● Supplied information

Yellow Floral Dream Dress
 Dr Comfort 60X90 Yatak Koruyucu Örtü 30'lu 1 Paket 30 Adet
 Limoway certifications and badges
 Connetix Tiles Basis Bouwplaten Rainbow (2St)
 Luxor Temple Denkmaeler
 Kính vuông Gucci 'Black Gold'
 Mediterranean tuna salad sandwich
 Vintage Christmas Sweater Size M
...
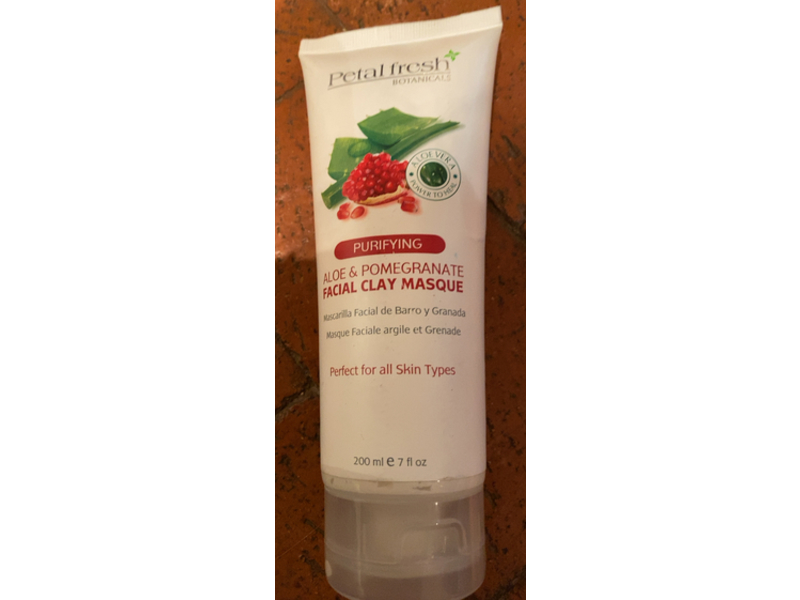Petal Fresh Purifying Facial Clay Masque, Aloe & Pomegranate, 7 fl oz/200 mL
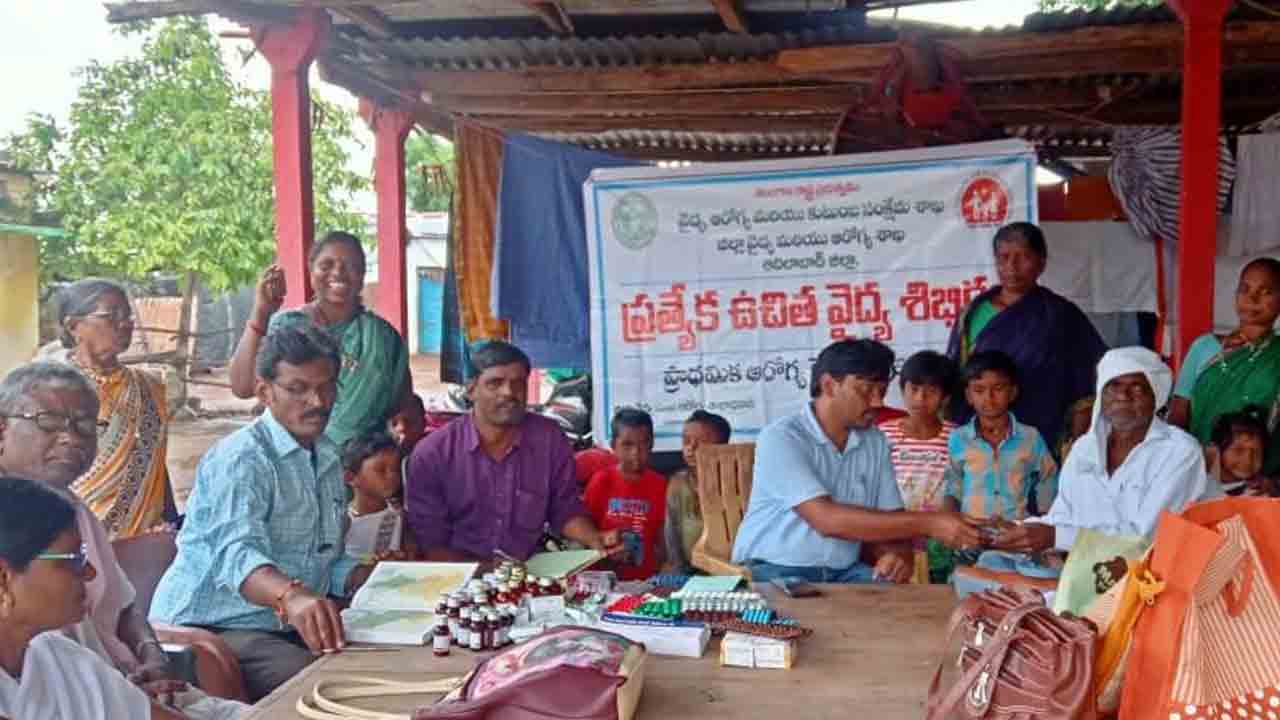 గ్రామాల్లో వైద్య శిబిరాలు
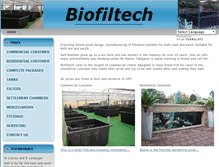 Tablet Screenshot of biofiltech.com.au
...
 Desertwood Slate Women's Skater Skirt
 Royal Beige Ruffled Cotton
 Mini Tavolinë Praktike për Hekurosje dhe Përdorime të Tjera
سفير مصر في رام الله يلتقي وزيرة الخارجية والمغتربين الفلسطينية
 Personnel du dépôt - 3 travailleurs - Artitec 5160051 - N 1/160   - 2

● Aim of the exercise
Only one stretch of the records above is wanted: the lines between the one holding "Dr Comfort 60X90" and the one holding "Vintage Christmas Sweater Size M", inclusive, reproduced exactly.

● Response
 Dr Comfort 60X90 Yatak Koruyucu Örtü 30'lu 1 Paket 30 Adet
 Limoway certifications and badges
 Connetix Tiles Basis Bouwplaten Rainbow (2St)
 Luxor Temple Denkmaeler
 Kính vuông Gucci 'Black Gold'
 Mediterranean tuna salad sandwich
 Vintage Christmas Sweater Size M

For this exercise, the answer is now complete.